Exercise
Report how many lines in the records below contain the word "COROLLA". Give only the number.

Records drawn from a dataset
^^^^^^^^

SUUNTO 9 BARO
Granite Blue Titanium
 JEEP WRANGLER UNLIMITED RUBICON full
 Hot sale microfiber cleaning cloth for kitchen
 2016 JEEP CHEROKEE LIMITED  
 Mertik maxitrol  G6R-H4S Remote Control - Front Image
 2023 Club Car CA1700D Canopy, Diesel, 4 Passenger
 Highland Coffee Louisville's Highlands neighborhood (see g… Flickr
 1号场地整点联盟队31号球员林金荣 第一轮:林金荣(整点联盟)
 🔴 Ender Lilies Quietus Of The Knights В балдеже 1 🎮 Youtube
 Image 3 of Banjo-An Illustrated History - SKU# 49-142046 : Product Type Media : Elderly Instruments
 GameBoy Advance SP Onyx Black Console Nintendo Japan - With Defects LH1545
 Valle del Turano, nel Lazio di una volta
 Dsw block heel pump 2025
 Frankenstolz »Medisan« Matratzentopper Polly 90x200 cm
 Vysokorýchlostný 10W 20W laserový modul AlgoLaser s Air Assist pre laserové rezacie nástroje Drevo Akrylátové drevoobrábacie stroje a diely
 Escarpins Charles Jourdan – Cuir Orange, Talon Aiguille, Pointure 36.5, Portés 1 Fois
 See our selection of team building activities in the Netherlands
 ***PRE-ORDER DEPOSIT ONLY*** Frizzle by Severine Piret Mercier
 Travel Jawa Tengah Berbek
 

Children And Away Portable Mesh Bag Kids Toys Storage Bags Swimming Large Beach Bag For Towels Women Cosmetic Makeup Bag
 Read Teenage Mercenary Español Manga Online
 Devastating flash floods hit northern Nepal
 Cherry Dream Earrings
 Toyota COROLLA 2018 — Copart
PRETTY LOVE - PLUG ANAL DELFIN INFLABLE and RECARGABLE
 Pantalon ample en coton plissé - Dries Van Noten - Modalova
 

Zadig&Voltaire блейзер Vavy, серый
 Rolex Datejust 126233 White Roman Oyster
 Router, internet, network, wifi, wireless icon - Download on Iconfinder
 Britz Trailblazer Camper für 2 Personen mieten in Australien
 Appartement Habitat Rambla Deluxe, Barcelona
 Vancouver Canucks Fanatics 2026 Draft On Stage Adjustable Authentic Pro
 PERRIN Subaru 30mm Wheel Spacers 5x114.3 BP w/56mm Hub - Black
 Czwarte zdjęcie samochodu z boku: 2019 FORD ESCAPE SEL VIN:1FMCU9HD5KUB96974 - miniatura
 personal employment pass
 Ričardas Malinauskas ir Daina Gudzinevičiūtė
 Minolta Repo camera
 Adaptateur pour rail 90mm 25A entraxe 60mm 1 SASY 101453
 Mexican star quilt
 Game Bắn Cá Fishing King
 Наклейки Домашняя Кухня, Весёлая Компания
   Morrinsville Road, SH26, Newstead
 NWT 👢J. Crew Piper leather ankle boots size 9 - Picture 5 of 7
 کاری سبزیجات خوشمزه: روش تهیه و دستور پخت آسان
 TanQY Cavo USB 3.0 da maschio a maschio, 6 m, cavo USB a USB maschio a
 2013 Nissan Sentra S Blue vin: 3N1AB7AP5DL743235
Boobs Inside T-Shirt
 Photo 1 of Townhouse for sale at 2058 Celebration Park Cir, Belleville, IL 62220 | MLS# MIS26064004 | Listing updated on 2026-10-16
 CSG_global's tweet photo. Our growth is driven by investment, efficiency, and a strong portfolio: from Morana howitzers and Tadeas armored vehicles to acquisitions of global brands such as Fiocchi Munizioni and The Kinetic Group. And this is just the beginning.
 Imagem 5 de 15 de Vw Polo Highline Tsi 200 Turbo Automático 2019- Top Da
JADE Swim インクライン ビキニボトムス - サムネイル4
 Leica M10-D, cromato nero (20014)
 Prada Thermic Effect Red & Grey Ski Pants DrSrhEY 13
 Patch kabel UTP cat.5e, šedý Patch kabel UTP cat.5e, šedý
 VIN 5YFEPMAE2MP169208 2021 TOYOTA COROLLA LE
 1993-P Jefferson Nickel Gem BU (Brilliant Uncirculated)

^^^^^^^^

Answer to this exercise
2